§ Scraped caption text data:
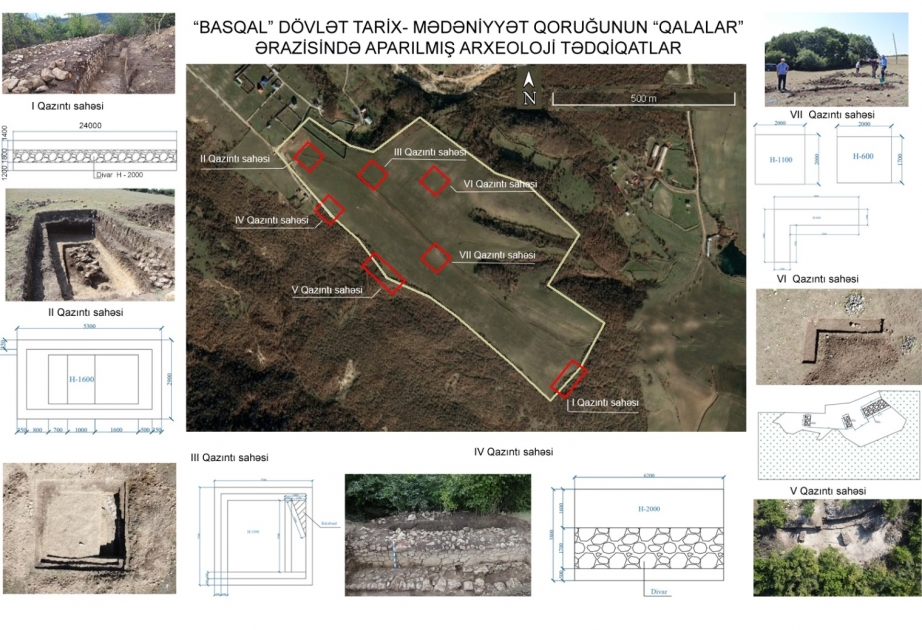 Aparılan tədqiqatlar Basqal qalasının sahəsinə görə Azərbaycanda ən böyük qala olduğunu göstərir  FOTO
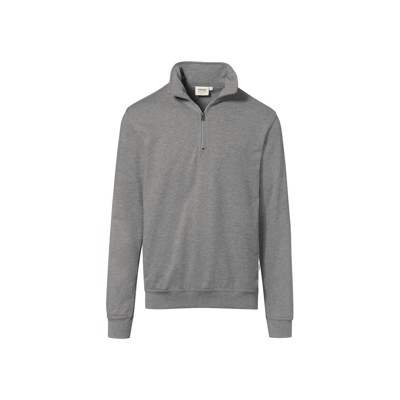 Produktbild von HAKRO - Zip-Sweatshirt Premium 451, grau meliert, Größe XS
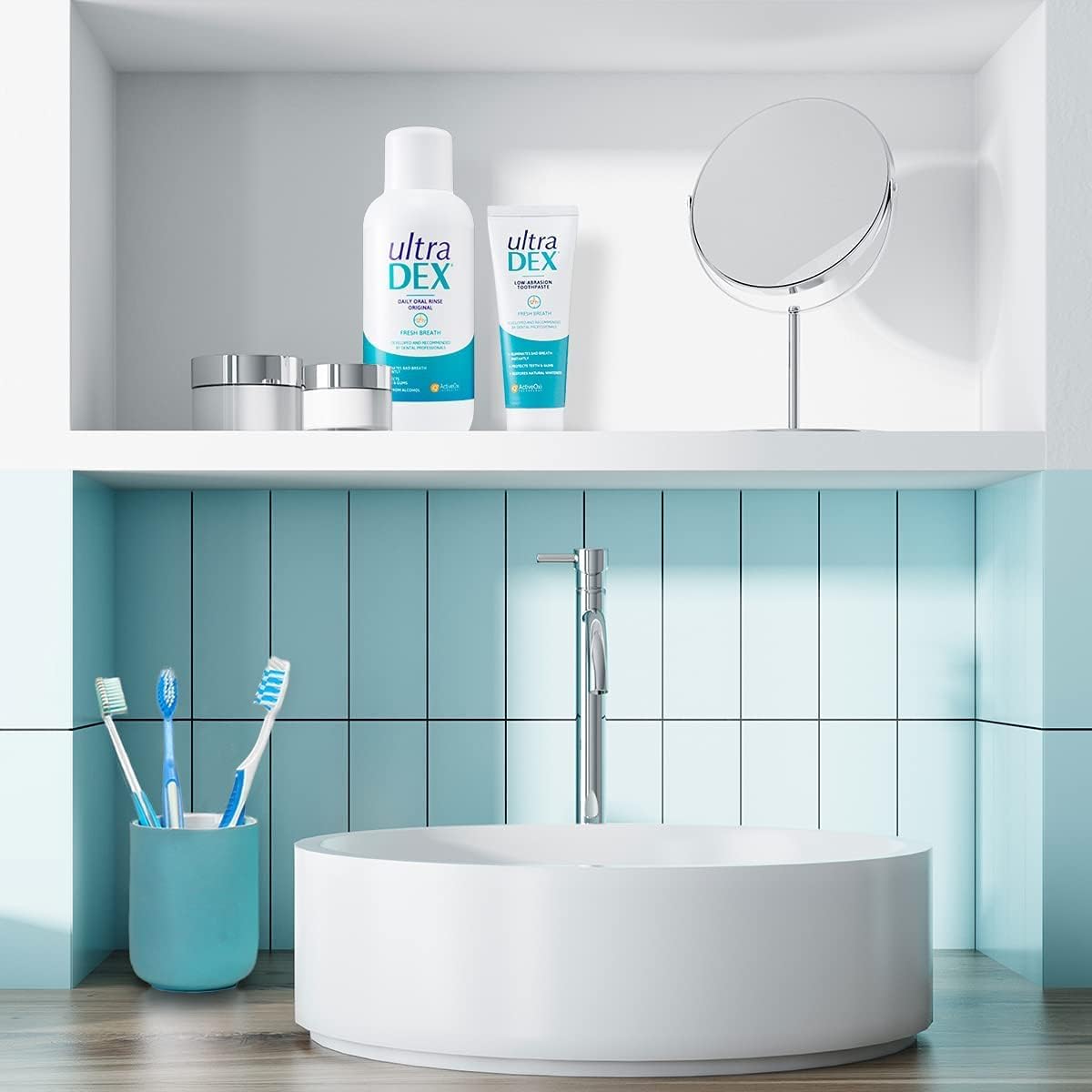 UltraDEX Low-Abrasion Toothpaste, Clinically Proven 12hr Bad Breath Treatment, Gentle & Non-Foaming, with Fluoride, Mint 6 X 75 ml, White : Amazon.co.uk: Health & Personal Care
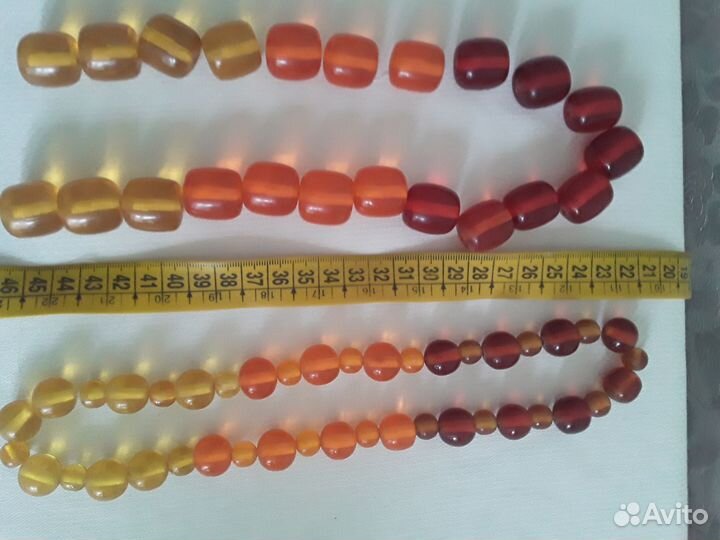 Бусы янтарь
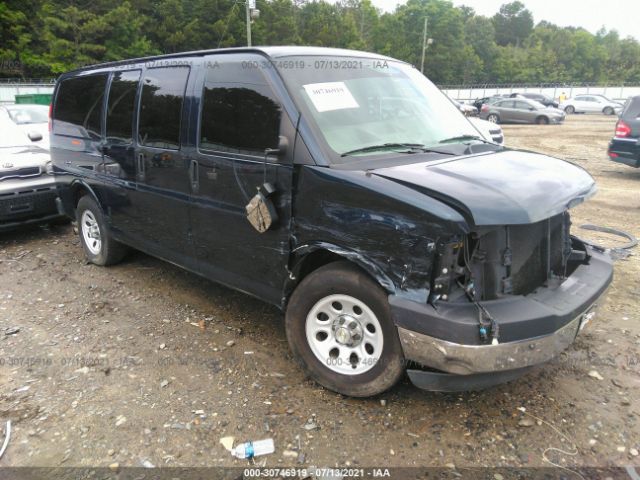 CHEVROLET EXPRESS PASSENGER 2010 1gnugcd40a1178053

§ Task details:
Your answer must be an exact copy of the records above, with no pictures included.

§ Reply to the task:
 Aparılan tədqiqatlar Basqal qalasının sahəsinə görə Azərbaycanda ən böyük qala olduğunu göstərir  FOTO
 Produktbild von HAKRO - Zip-Sweatshirt Premium 451, grau meliert, Größe XS
 UltraDEX Low-Abrasion Toothpaste, Clinically Proven 12hr Bad Breath Treatment, Gentle & Non-Foaming, with Fluoride, Mint 6 X 75 ml, White : Amazon.co.uk: Health & Personal Care
 Бусы янтарь
 CHEVROLET EXPRESS PASSENGER 2010 1gnugcd40a1178053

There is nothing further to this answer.